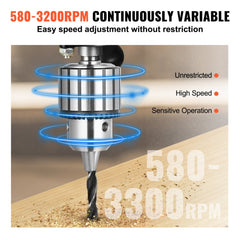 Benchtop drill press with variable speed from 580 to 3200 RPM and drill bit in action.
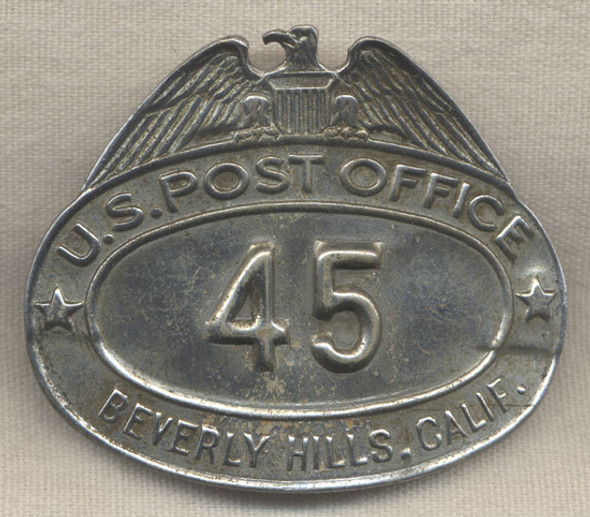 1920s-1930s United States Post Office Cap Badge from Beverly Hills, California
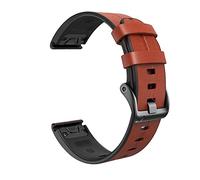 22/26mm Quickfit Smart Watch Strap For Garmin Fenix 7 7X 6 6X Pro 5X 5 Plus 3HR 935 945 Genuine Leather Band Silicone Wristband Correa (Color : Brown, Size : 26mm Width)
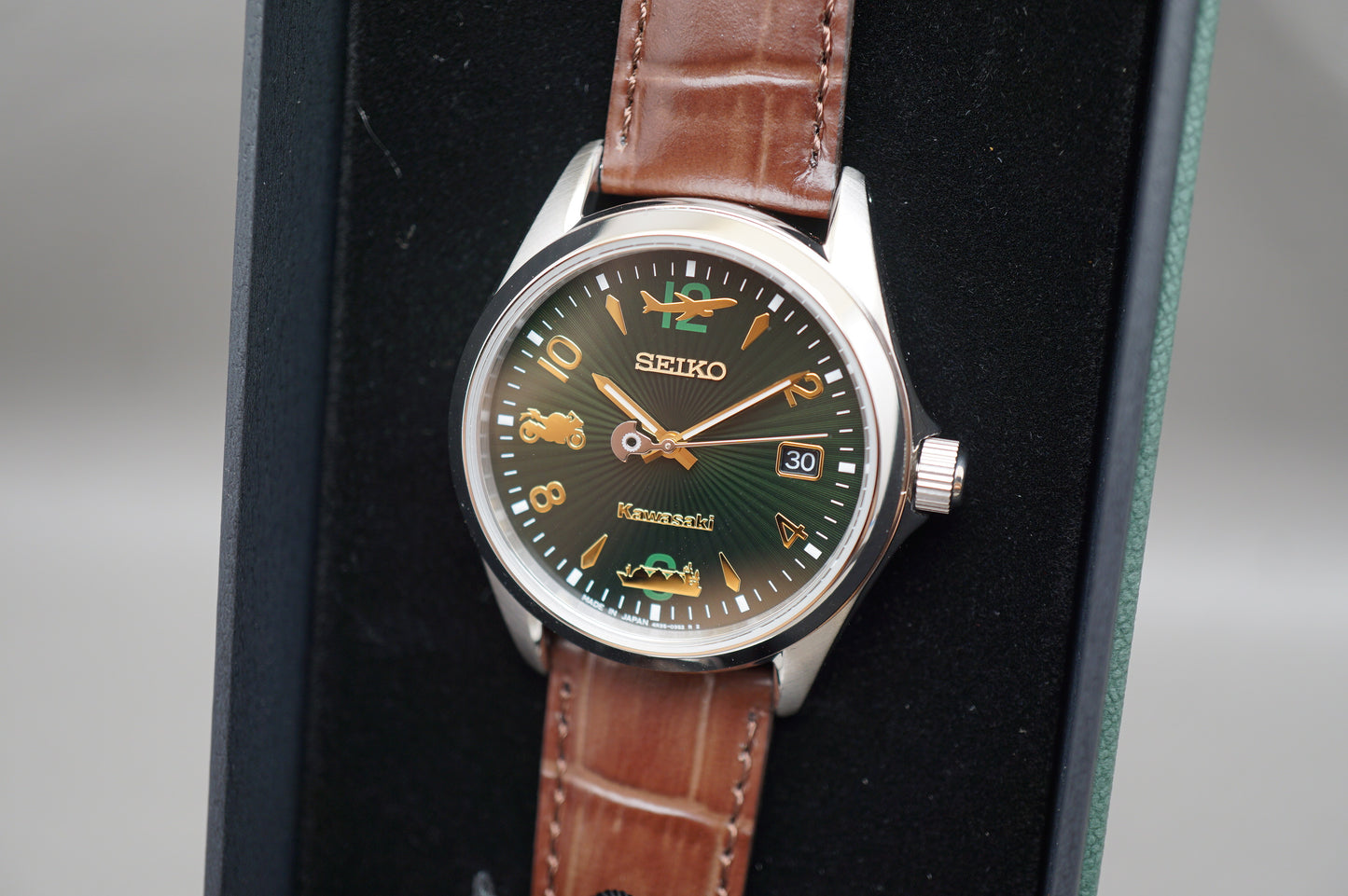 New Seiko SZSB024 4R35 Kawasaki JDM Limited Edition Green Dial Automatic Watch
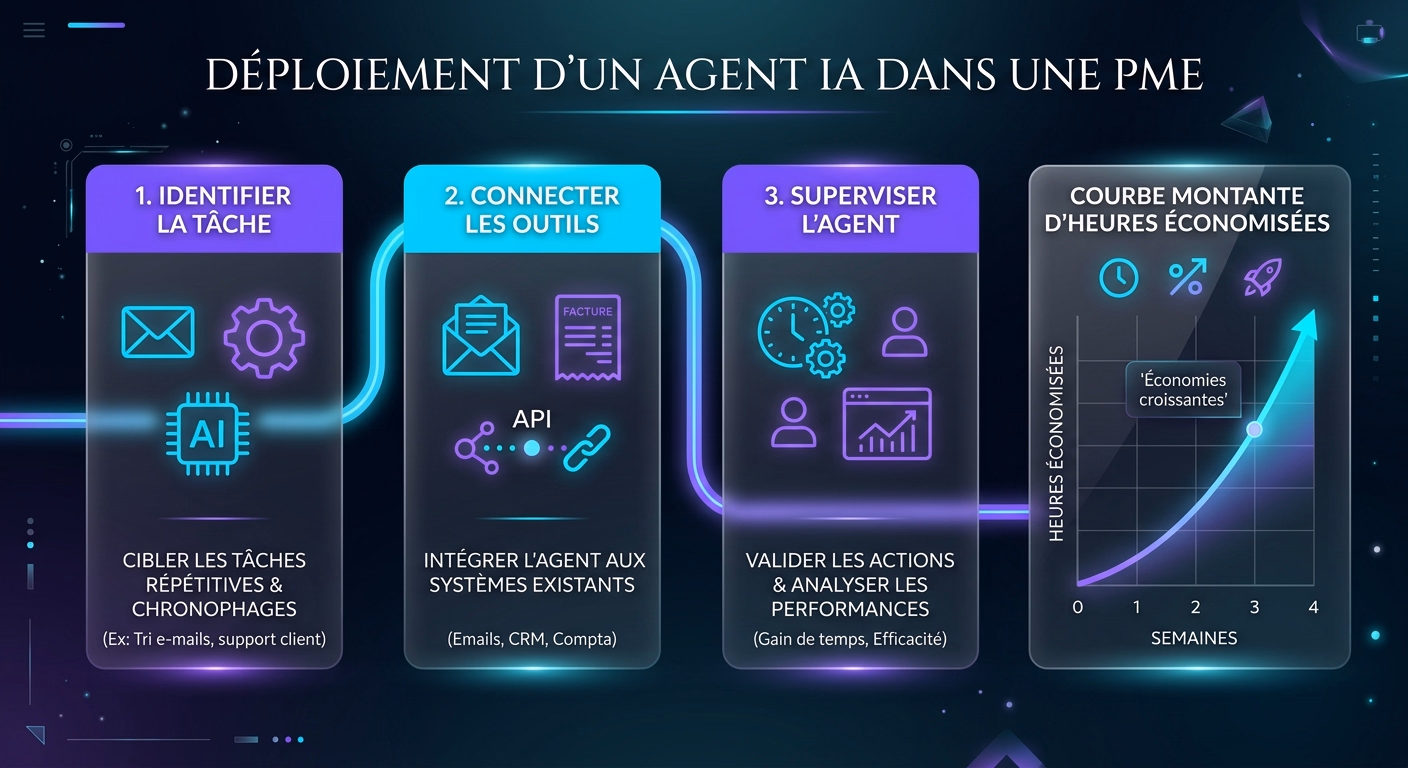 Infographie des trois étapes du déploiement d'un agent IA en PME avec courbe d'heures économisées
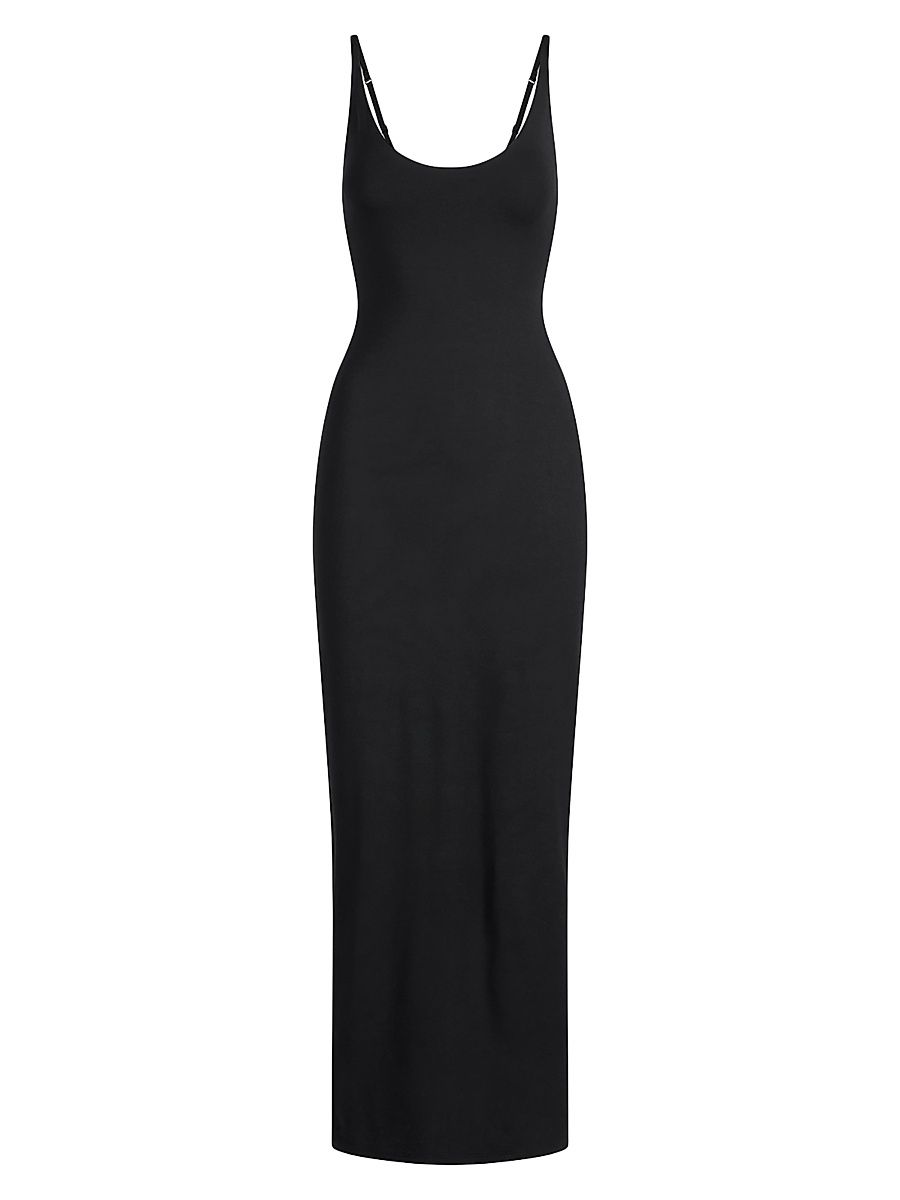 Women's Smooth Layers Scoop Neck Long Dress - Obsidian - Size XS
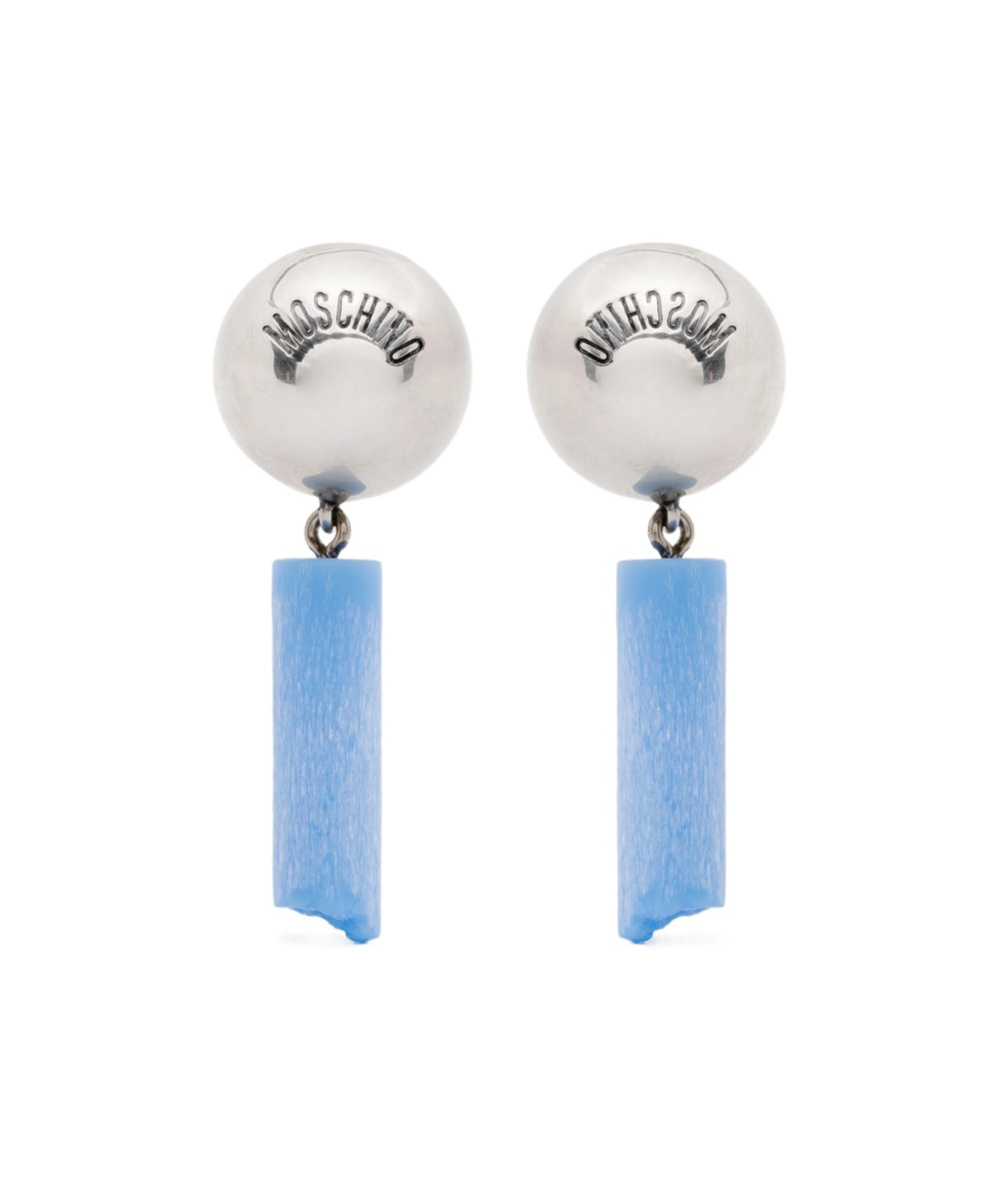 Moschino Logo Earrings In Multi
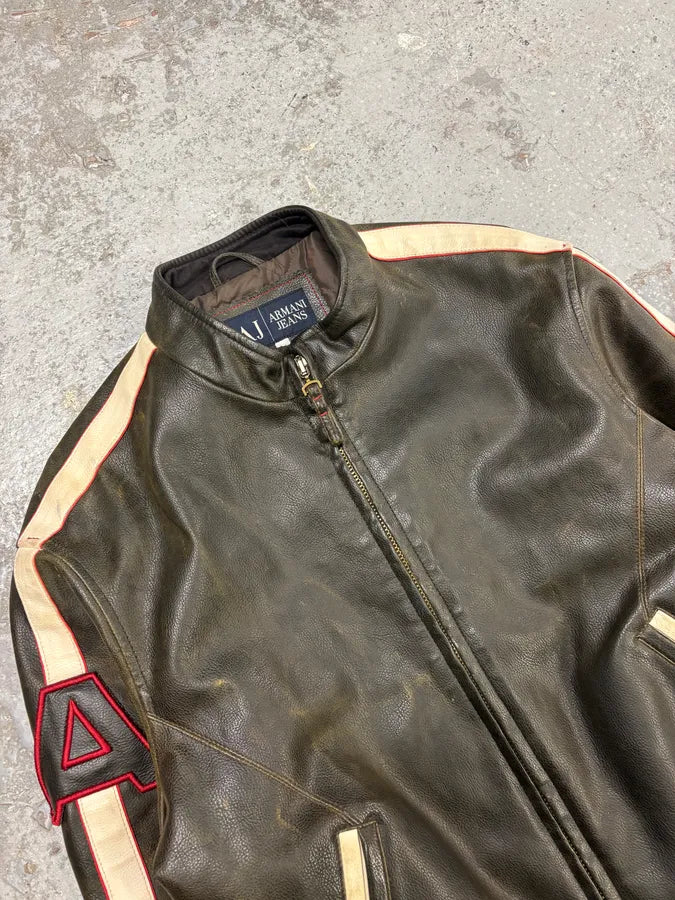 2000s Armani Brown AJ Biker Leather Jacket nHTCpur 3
◇ ◇ ◇ ◇
▸ TASK REQUIREMENTS
Repeat the material exactly as it reads, without any of its pictures.

▸ ANSWER TO THE PROBLEM
 Benchtop drill press with variable speed from 580 to 3200 RPM and drill bit in action.
 1920s-1930s United States Post Office Cap Badge from Beverly Hills, California
 22/26mm Quickfit Smart Watch Strap For Garmin Fenix 7 7X 6 6X Pro 5X 5 Plus 3HR 935 945 Genuine Leather Band Silicone Wristband Correa (Color : Brown, Size : 26mm Width)
 New Seiko SZSB024 4R35 Kawasaki JDM Limited Edition Green Dial Automatic Watch
 Infographie des trois étapes du déploiement d'un agent IA en PME avec courbe d'heures économisées
 Women's Smooth Layers Scoop Neck Long Dress - Obsidian - Size XS
 Moschino Logo Earrings In Multi
 2000s Armani Brown AJ Biker Leather Jacket nHTCpur 3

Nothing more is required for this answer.